6

176 14 4
                                    

Namaku Thana dan aku didiagnosis menderita skizofrenia. Ini adalah penyakit yang merampas perasaanku, identitasku... penyakit ini mencuri jiwaku. Butuh waktu lama untuk melarikan diri dari neraka itu.

Aku mulai mendengar suara dering keras di telingaku sekitar sembilan bulan yang lalu. Pada saat itu, aku sedang memulai pekerjaan sebagai desainer grafis di sebuah perusahaan.

Pada awalnya, aku bekerja tanpa masalah, tetapi ketika suara dering itu semakin keras, itu membuatku tidak dapat berkonsentrasi pada pekerjaan.

Kualitas pekerjaanku memburuk. Suara-suara itu sangat mengganggu sehingga suatu hari aku bangun dari tempat duduk dan berteriak pada rekan kerjaku karena aku mendengar dia memarahiku di pikirannya. Aku bisa mendengar apa yang dia pikirkan tentangku.

Aku mendengar suara-suara ini di dalam kepala untuk waktu yang lama sampai seorang teman membawaku ke departemen psikiatri. Sekarang, aku menyadari bahwa suara-suara itu adalah otakku sendiri yang memberi tahu banyak hal, bukan pikiran orang lain.

Aku berada di departemen psikiatri selama sekitar satu setengah bulan. Pada saat itu, aku menerima dosis yang lebih tinggi dari obat antipsikotik sampai aku tidak dapat melakukan apa-apa sama sekali. Aku hanya bisa duduk dan diam. Aku tidak bisa bergerak atau bahkan berbicara karena itu sangat sulit.

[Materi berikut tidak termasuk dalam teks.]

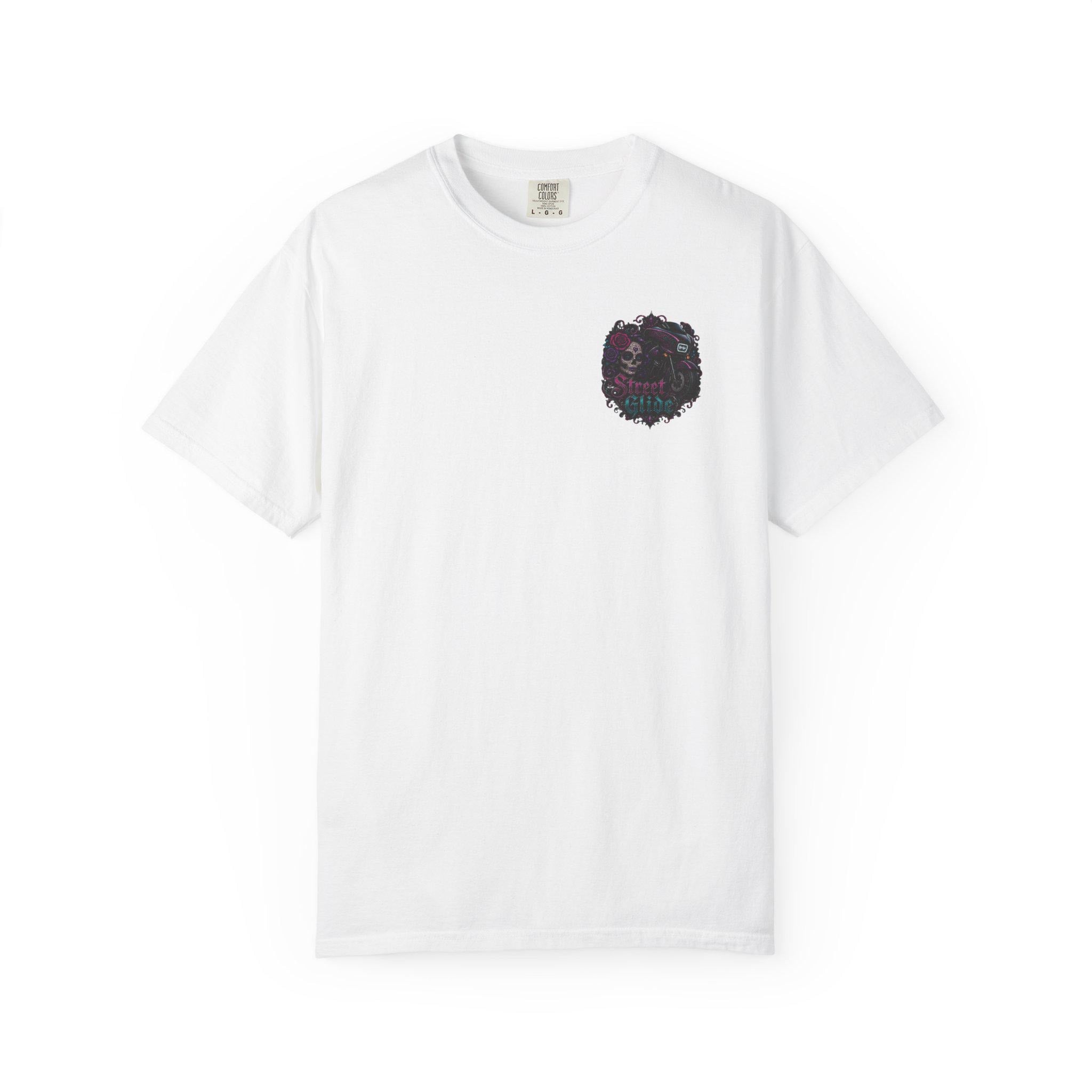 Skull Motorcycle T Shirt Biker Sugar Skull Graphic Tee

Selama periode waktu ketika aku mengalami efek samping dari obat berat, aku selalu berpikir "Ke mana dokter pergi?"

Hari pertama aku dirawat, seorang mahasiswa kedokteran masuk dan meminta wawancara. Namanya Dokter Thitipat. Dia adalah mahasiswa kedokteran tahun kelima dengan sosok tinggi, langsing dan kacamata berbingkai plastik hitam.

Dia datang untuk berbicara denganku ketika aku masih bisa mendengar suara-suara dan mengira aku memiliki kekuatan sihir. Kukatakan kepadanya bahwa dia pasti takut dengan kekuatanku, namun dia masih kembali untuk berbicara denganku. Pada hari kedua dan ketiga, dia bertanya dengan rasa ingin tahu tentang gejala yang kualami, riwayat keluarga, masa kecil dan kepribadianku. Aku belum pernah ditanya begitu banyak pertanyaan oleh siapa pun, kecuali psikiater yang merawatku sebelumnya.

Ketika aku menceritakan kisahku, dia dengan hati-hati menulis detail di selembar kertas sampai penuh terisi. Dia bertanya tentang segala sesuatu seperti apa yang kumakan hari itu, kegiatan apa yang akan kulakukan nanti, dan lain-lain. Akhirnya, dia akan mengakhiri sesi dengan berterima kasih dan meninggalkan bangsal.

Tiga hari yang kuhabiskan untuk berbicara dengannya membuatku merasa lebih dihargai daripada yang pernah kurasakan sejak aku lahir. Waktu yang kuhabiskan bersama dokter terasa sangat berharga. Aku menantikan hari-hari ini terjadi lagi untuk memberi makna pada kehidupanku yang tidak berharga ini.

Karena saat-saat ini sangat berarti, aku mengatakan kepadanya bahwa jika aku meninggalkan rumah sakit, aku akan mencarinya sehingga kami dapat berbicara lebih banyak. Untuk beberapa alasan, dia tampak takut dan dengan cepat meninggalkan bangsal ketika aku mengatakan ini.

Pada hari keempat, aku menunggunya untuk melihatku lagi. Aku bahkan menyiapkan jawaban yang lebih baik daripada yang lain dan berencana untuk menceritakan segala sesuatu sedetail mungkin.

Aku terus menunggunya. Hari kelima berlalu, kemudian hari keenam. Hari-hari berubah menjadi berminggu-minggu, dan akhirnya sebulan telah berlalu. Aku tidak pernah melihatnya lagi.

--------------------

Setelah meninggalkan rumah sakit, aku harus ke departemen psikiatri sebagai pasien rawat jalan untuk mendapatkan obat antipsikotik yang diresepkan. Aku juga mengalami alergi hidung yang mengakibatkan aku dirawat di departemen THT (telinga, hidung, tenggorokan) yang terletak di gedung yang berbeda.